This is really evil, imagine how one's own family can inflict so much pain on them. The dailymail reports the story of an Australian girl who was kidnapped, beaten and married off to her older cousin by her father’s family in Syria at just 13.
Rania Farrah (pictured above) was reportely on what was meant to be a trip of a lifetime to Egypt to visit the pyramids with her older brother but instead ended up being turned into a child bride by her own family.
Appearing on Channel Nine’s 60 Minutes on Sunday night, Ms Farrah revealed she planned to commit suicide if her escape plan on her 18th birthday didn't work, and said: ‘I was just in a depression the whole time I was there… I just thought of Australia.’
Ms Farrah, in Sydney’s southwest and is the daughter of a Syrian Muslim and his Australian convert wife, was married off to her cousin who she had never met and endured terrible beatings after being taken to Syria’s capital Damascus from Egypt.
Her mother, who had previously fled Ms Farrah's father after 20 years of violent marriage, knew about her daughter's kidnapping but told her during phone calls from that she could not afford to bring her home to Australia.
On arrival in Damascus, Ms Farrah was subjected to a virginity test because her father decided she had been under bad influences when in Year 7 at school, when she started smoking cigarettes and talking to boys.
'They wanted to check for my virginity.
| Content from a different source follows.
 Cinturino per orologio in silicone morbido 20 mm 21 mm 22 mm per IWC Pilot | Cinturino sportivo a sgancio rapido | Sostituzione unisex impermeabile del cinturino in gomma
They said to enroll in a school they needed to check I was a virgin,’ Ms Farrah explained.
She felt 'confusion and fear' as nurses came and held her down. After the virginity test - despite the results showing she was indeed a virgin - her father and brother beat her at her Auntie’s house.
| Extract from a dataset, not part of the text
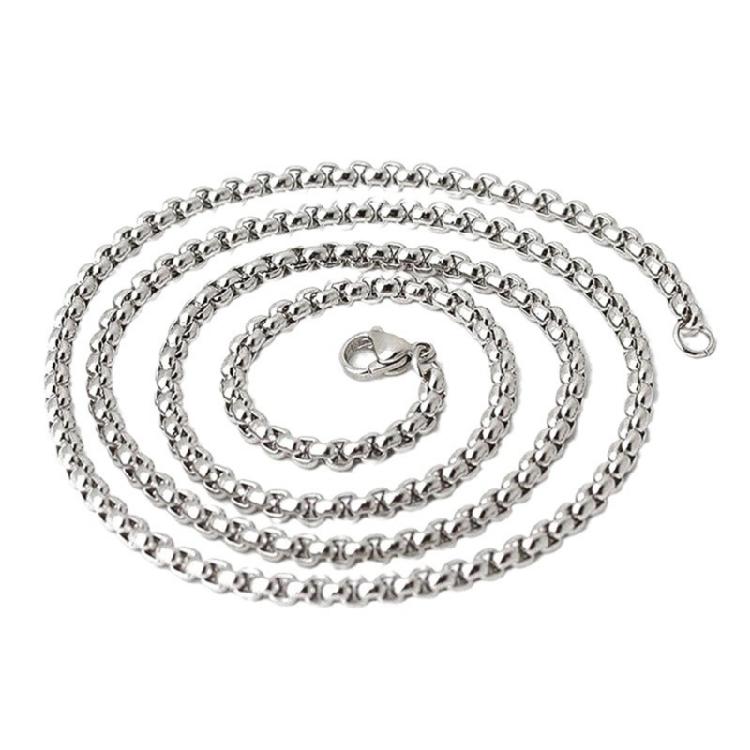 Trendy Unisex Hip Hop Necklace Titanium Steel Square Pearls Design Stainless Steel Chain Jewelry Modern Masculine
'It’s quite a normal thing to kill your daughter for not being a virgin,' she noted.
On Sunday, Ms Farrah described her father as ‘an evil person, he’s the most evil person you’ll ever meet’.
Opening up to Liz Hayes about the shocking crime of forced marriage that affects hundreds of Australian women every year, she explained that she shut off her emotions and played along with her family’s plan while dreaming of her escape.
Living in a strict Muslim world, she attended an Islamic school and learned Arabic. 'I did all the things they asked me to do… I was taught how to pray and fast for Ramadan,' she said.
Her second cousin, who she was forced to marry, was in his early thirties and Ms Farrah avoided ‘eye contact’ and never spoke to him.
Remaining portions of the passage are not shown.